Until April 1984, the Passport Office had been part of the Foreign and Commonwealth Office. Following the Rayner reviews, the Passport Office was transferred to the Home Office. In 1991, the service became an executive agency as the United Kingdom Passport Agency (UKPA). The Identity and Passport Service was established on 1 April 2006, following the passing of the Identity Cards Act 2006, which merged the UK Passport Service with the Home Office's Identity Cards programme to form a new executive agency.

In 2007, the ninety British diplomatic missions that issued passports were consolidated into seven regional passport processing centres (RPPCs) based in Düsseldorf, Hong Kong, Madrid, Paris, Pretoria, and Washington, D.C. and Wellington, with an additional centre in Dublin. By March 2014 the issue of overseas passports was transferred from FCDO to HMPO and the seven international regional offices had been closed.

The Identity Documents Act 2010 repealed the Identity Cards Act 2006 and required the cancellation of all identity cards and the destruction of all data held.

On 1 April 2011, responsibility for British passports issued overseas passed from the Foreign and Commonwealth Office to IPS. The printing of passports issued overseas had been done in the UK since August 2011, and the administrative work performed at these RPPCs was repatriated to the UK during the 2013–14 financial year. From April 2014, all British nationals based overseas had to apply for their passports directly to the UK.

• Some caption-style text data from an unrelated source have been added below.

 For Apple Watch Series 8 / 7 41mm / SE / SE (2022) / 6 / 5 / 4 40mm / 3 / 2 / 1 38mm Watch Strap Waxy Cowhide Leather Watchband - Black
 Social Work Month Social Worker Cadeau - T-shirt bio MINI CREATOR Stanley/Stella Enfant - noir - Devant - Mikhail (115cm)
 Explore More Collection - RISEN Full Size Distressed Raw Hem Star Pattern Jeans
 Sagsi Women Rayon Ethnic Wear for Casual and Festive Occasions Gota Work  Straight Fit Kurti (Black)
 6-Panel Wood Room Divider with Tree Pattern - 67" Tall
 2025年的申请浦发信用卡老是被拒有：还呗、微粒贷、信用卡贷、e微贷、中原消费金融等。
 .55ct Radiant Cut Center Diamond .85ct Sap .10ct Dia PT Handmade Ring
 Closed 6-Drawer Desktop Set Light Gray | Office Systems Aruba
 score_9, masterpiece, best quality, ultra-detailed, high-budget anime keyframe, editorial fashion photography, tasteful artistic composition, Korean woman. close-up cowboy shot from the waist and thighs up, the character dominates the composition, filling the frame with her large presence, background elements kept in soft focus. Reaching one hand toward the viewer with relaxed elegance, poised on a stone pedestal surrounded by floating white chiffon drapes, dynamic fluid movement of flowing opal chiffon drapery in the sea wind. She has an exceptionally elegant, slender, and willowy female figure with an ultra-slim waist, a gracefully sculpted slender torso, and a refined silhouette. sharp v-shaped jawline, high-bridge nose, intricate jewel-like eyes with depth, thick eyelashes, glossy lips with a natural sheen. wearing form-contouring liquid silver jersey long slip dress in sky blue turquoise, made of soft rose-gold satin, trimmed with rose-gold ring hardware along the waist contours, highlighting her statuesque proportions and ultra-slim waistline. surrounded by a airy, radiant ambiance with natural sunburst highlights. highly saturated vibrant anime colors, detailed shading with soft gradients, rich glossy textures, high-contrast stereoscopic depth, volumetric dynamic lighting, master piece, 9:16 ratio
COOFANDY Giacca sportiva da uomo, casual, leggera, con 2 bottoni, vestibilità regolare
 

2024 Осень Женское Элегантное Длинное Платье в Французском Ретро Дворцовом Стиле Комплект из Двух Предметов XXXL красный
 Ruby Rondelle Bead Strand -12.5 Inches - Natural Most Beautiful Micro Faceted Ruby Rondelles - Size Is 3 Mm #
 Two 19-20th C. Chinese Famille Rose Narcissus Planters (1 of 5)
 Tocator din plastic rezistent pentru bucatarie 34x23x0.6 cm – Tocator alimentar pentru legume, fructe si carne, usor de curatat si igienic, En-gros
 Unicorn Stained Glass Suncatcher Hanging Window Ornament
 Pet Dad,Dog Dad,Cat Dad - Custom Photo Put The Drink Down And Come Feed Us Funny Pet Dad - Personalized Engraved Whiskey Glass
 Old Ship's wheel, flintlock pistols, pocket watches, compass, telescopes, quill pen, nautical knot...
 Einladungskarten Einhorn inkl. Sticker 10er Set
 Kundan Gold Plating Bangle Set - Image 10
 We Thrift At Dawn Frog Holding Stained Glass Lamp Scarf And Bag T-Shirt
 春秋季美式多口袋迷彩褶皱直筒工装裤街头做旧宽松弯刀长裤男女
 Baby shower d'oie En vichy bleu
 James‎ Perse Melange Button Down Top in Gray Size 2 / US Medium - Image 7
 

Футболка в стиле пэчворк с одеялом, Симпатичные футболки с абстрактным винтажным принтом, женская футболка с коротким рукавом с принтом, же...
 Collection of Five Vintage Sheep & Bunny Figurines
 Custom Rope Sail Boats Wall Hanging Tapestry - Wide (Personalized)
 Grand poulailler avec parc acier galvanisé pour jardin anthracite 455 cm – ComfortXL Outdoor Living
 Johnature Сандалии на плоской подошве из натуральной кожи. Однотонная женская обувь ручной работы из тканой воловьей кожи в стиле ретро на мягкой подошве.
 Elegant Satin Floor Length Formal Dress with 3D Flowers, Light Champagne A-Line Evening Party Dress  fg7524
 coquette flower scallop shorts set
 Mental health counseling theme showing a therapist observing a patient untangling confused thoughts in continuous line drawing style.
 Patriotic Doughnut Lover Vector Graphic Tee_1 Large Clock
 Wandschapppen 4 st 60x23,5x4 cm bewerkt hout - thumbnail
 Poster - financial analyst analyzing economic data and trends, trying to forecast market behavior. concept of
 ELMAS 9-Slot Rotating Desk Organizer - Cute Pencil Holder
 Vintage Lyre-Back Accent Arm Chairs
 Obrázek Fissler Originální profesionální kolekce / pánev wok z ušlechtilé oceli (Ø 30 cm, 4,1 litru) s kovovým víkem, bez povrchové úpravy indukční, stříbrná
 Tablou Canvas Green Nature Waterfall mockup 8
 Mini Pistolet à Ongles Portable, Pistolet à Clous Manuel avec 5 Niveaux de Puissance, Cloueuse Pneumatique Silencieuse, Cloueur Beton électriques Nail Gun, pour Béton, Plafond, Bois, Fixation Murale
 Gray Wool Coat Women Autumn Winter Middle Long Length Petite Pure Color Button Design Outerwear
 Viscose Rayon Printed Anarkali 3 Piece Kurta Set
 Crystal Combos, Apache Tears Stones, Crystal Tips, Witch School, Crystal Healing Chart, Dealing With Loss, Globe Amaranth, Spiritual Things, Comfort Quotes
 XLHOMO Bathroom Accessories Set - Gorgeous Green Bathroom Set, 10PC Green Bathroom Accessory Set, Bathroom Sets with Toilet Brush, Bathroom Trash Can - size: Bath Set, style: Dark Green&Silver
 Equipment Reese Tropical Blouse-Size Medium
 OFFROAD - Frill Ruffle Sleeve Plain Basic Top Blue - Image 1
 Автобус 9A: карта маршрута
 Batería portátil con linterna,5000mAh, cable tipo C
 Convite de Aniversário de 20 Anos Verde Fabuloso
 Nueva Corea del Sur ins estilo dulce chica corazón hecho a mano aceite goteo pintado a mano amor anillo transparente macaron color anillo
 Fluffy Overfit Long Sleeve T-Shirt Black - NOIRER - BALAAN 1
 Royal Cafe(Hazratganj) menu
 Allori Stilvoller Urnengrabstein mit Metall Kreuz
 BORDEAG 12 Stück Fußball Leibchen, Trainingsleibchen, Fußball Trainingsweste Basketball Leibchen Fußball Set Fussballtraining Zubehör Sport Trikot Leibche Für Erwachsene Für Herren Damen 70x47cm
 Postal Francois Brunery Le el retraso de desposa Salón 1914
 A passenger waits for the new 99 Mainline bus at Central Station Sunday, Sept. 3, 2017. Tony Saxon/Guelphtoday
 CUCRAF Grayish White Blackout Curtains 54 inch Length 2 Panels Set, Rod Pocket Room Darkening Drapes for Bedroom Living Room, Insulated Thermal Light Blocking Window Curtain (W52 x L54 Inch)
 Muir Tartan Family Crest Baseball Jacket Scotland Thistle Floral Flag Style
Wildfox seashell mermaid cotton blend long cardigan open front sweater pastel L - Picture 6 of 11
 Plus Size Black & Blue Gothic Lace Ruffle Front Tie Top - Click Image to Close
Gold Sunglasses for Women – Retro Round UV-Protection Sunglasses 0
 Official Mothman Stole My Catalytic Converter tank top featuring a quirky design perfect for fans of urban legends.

The Identity and Passport Service was renamed HM Passport Office on 13 May 2013, in an effort to distance the agency from association with the scrapped National Identity Register and ID cards. The government's press release stated that "The inclusion of 'Her Majesty's' in the title recognises that passports are the property of the Crown, bear the Royal Coat of Arms, and are issued under the Royal Prerogative." This means that the grant of a passport is a privilege, not a right, and may be withdrawn in some circumstances.

HMPO's executive agency status was removed on 1 October 2014, and it became a division within the Home Office. Its board reports directly to the Home Office's executive management board.

Teleperformance is contracted to provide customer service for the office. It is a £22.8m contract over five years.